Introduction
This documentation provides a step-by-step guide to building an event-driven architecture using AWS services that automatically converts audio files uploaded to an Amazon S3 bucket into text using the AWS Transcribe Service. This setup leverages several AWS services to create an efficient and automated workflow.
Architecture Overview
The architecture consists of the following AWS services:
Amazon S3: Used to store audio files.
AWS Lambda: Triggers the transcription process when a new audio file is uploaded to S3.
AWS Transcribe: Converts audio files to text.
Amazon SNS (Simple Notification Service): Notifies users when the transcription is complete.
Step-by-Step Implementation
Step 1: Create an S3 Bucket
Log in to your AWS Management Console.
Navigate to S3.
Click on Create bucket.
Enter a unique bucket name and choose a region.
Click Create bucket.
Step 2: Set Up AWS Lambda Function
Go to the AWS Lambda service.
Click on Create function.
Choose Author from scratch.
Enter a name for your function, e.g.,
TranscribeAudioFunction
.Choose a runtime (Node.js or Python is commonly used).
Under Permissions, select Create a new role with basic Lambda permissions.
Click Create function.
Step 3: Configure Lambda to Handle S3 Events
Scroll down to the Function code section.
Add the following code snippet in Python to handle the S3 event and start the transcription job:
import json
import boto3
def lambda_handler(event, context):
transcribe = boto3.client('transcribe')
s3 = boto3.client('s3')
# Extracting the bucket name and file name from the event
bucket = event['Records'][0]['s3']['bucket']['name']
key = event['Records'][0]['s3']['object']['key']
# Transcription job details
job_name = key.split('.')[0] # Use the file name without extension
job_uri = f"s3://{bucket}/{key}"
# Start transcription job
response = transcribe.start_transcription_job(
TranscriptionJobName=job_name,
Media={'MediaFileUri': job_uri},
MediaFormat='mp3', # Change as per your audio file format
LanguageCode='en-US' # Change as per your audio language
)
return {
'statusCode': 200,
'body': json.dumps('Transcription job started successfully!')
}
Step 4: Set Up S3 Event Notification
Go back to your S3 bucket and select the Properties tab.
Scroll down to Event notifications and click Create event notification.
Enter a name for your event.
Under Event types, select PUT (to trigger when a file is uploaded).
Under Destination, choose Lambda Function and select the Lambda function you created earlier.
Click Save changes.
Step 5: IAM Permissions for Lambda
Go to the IAM service in the AWS Management Console.
Select the role associated with your Lambda function.
Click on Attach policies and add the following policies:
AmazonS3ReadOnlyAccess
AmazonTranscribeFullAccess
AWSLambdaBasicExecutionRole
Step 6: (Optional) Set Up SNS for Notifications
Create a new SNS Topic in the SNS console.
Subscribe to the topic with your email to receive notifications.

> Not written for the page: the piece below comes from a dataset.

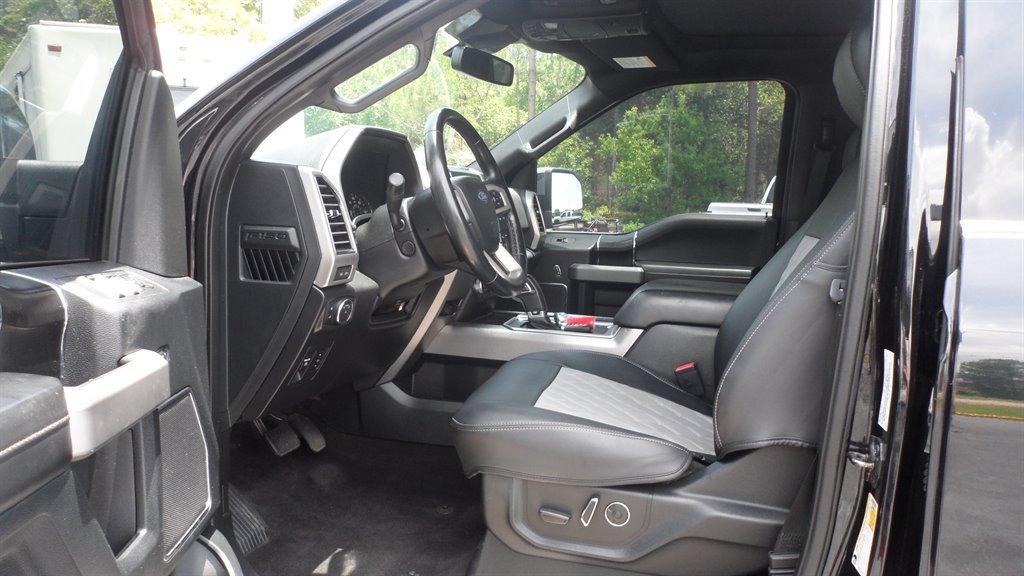 2019 Ford F150 - $30,995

Update your Lambda function to publish a message to the SNS topic upon transcription completion:
import boto3
sns = boto3.client('sns')
# After starting the transcription job
sns.publish(
TopicArn='arn:aws:sns:your-region:your-account-id:your-topic-name',
Message='Transcription job started: ' + job_name
)
Step 7: Test the Architecture
Upload an audio file to your S3 bucket.
Check the AWS Transcribe service to see if the transcription job has started.

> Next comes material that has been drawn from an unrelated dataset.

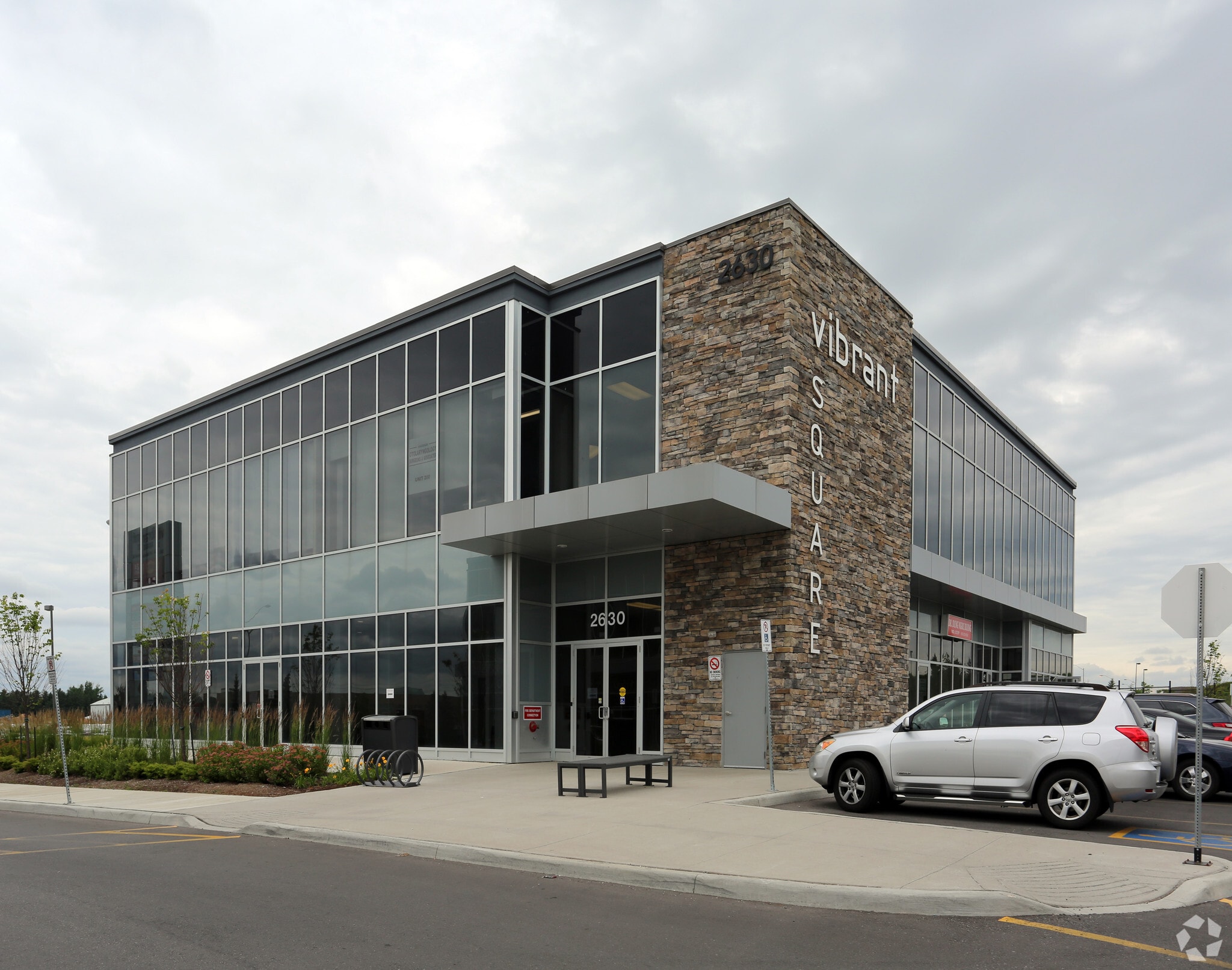 2630 Rutherford Rd, Vaughan, ON for sale Primary Photo- Image 1 of 8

If you’ve set up SNS, check your email for notifications.
Step 8: Retrieve Transcription Results
You can retrieve the transcription results by calling the get_transcription_job
method in another Lambda function or manually in the AWS Management Console. Here’s an example of how to retrieve the transcription results:
def get_transcription_result(job_name):
response = transcribe.get_transcription_job(TranscriptionJobName=job_name)

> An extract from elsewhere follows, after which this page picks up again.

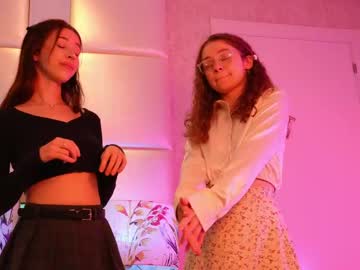 Rebecalinare Chaturbate stream image from February 27, 2025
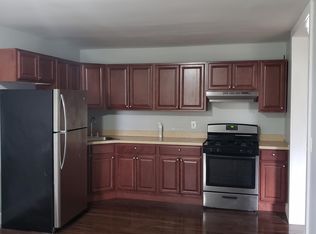 210 N 9th St APT 3, Newark, NJ 07107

return response['TranscriptionJob']['Transcript']['TranscriptFileUri']
Conclusion
By following this documentation, you have successfully created an event-driven architecture that automates the transcription of audio files uploaded to S3 using AWS services. This setup not only enhances efficiency but also streamlines the handling of audio content, making it ideal for various applications such as transcription services, content creation, and accessibility solutions.